It’s not easy to provide a tailor-made formula for comparing tables and removing duplicates in Google Sheets.
It’s mainly because the requirements may vary from person to person.
Here I will share a formula to help you compare two tables and remove duplicates in Google Sheets.
This tutorial can help you in the following way.
Suppose you have two tables in a Google Sheets file containing the invoice raised, and payment received details.
Assume the corresponding tab names are ACCOUNT RECEIVABLE and PAYMENT COLLECTED.
How to match the invoice numbers and remove the matching ones?
You can compare two tables for duplicates and remove them using a formula in Google Sheets.
Let’s prepare the sample data first.
Sample Data for Comparing Two Tables and Removing Duplicates
Table 1: ACCOUNTS RECEIVABLE
I have the following records in the accounts receivable tab.
Table 2: PAYMENT COLLECTED
I have just one record in the payment collected tab.
You can see now how to compare these two tables for duplicates and remove them.
As you can see Invoice Number II000025 repeats in both tables.
We can handle it in two ways!
- Remove all the occurrences of the matching rows.
- Keep one record of the matching row.
How do we match the records?
It’s up to you whether to consider only the invoice number for matching (method A) or the total row (method B).
Formulas for Comparing Two Tables and Removing Duplicates
1. Removing All Occurrences of the Matching Row
Matching Total Row (method B):
The following formula will remove matching rows from both tables.
=unique(vstack('ACCOUNTS RECEIVABLE'!A2:D,'PAYMENT COLLECTED'!A2:D),,true)
The VSTACK appends both tables vertically.
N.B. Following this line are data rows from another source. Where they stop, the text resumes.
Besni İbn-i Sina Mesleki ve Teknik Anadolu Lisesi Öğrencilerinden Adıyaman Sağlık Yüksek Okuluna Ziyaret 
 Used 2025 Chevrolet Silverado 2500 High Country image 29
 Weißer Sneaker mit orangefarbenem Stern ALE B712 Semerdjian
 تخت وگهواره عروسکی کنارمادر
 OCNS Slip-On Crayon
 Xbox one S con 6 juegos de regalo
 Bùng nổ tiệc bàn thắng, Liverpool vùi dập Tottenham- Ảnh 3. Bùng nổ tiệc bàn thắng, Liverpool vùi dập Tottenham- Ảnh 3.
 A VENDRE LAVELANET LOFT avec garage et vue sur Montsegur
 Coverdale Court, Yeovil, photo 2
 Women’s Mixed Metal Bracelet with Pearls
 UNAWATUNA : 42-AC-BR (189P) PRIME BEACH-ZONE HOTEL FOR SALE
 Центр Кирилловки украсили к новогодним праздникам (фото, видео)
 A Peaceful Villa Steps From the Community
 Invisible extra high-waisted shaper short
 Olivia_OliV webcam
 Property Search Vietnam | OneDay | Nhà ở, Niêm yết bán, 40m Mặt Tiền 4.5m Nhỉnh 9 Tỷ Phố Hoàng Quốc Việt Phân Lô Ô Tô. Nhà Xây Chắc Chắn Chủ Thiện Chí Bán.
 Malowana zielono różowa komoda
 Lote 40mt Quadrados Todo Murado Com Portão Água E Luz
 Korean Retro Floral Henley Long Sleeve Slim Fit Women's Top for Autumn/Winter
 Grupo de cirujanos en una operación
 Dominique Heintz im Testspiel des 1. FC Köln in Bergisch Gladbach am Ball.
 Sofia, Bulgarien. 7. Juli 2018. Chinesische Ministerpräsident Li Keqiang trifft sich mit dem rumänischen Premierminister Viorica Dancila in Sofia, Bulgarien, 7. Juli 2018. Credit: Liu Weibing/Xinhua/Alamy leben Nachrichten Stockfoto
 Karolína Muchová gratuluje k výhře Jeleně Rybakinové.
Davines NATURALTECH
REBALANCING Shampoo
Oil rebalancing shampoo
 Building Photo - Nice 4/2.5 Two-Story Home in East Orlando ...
The UNIQUE returns the distinct rows.
Here we can also use the following QUERY formula.
=query(query(vstack('ACCOUNTS RECEIVABLE'!A1:D,'PAYMENT COLLECTED'!A2:D),"Select Col1,Col2,Col3,Col4, Count(Col1) where Col1<>'' group by Col1,Col2,Col3,Col4"),"Select Col1,Col2,Col3,Col4 where Col5=1")
How Does this Query Formula Compare Two Tables (Datasets) and Remove Duplicates?
Before using this formula, it’s good for you to understand its logic first.
The above is a nested Query formula. The inner Query formula is the main one. What does it do?
=query(vstack('ACCOUNTS RECEIVABLE'!A1:D,'PAYMENT COLLECTED'!A2:D),"Select Col1,Col2,Col3,Col4, Count(Col1) where Col1<>'' group by Col1,Col2,Col3,Col4")
It groups all columns in the table and returns the count of records as follows.
The Outer Query filters out any row that contains >1
in the last column.
Matching Invoice Number (method A):
Assume the invoice amount is different for II000025 in both tables.
The above formulas won’t remove the said invoices because they are distinct.
In this case, we can modify our earlier Query formula by grouping only the invoice column.
=query(query(vstack('ACCOUNTS RECEIVABLE'!A1:D,'PAYMENT COLLECTED'!A2:D),"Select Col1,max(Col2),max(Col3),max(Col4), Count(Col1) where Col1<>'' group by Col1"),"Select Col1,Col2,Col3,Col4 where Col5=1")
2. Keeping the First Occurrence
Here also, we can use two types of formulas: Consider only the invoice number for matching (method A) or the total row (method B).
Matching Total Row (method B):
=let(ftr,unique(vstack('ACCOUNTS RECEIVABLE'!A2:D,'PAYMENT COLLECTED'!A2:D)),filter(ftr,choosecols(ftr,1)<>""))
Here the Unique does the job. The purpose of LET is to filter out blank rows in the result.
Matching Invoice Number (method A):
=let(ftr,sortn(vstack('ACCOUNTS RECEIVABLE'!A2:D,'PAYMENT COLLECTED'!A2:D),9^9,2,1,1),filter(ftr,choosecols(ftr,1)<>""))
Here the SORTN takes the place of Unique.
Related: SORTN Tie Modes.
The highlighted number in the formula represents the column for matching. Here it’s the invoice column, so # 1.
That’s all about how to compare two tables and remove duplicates in Google Sheets.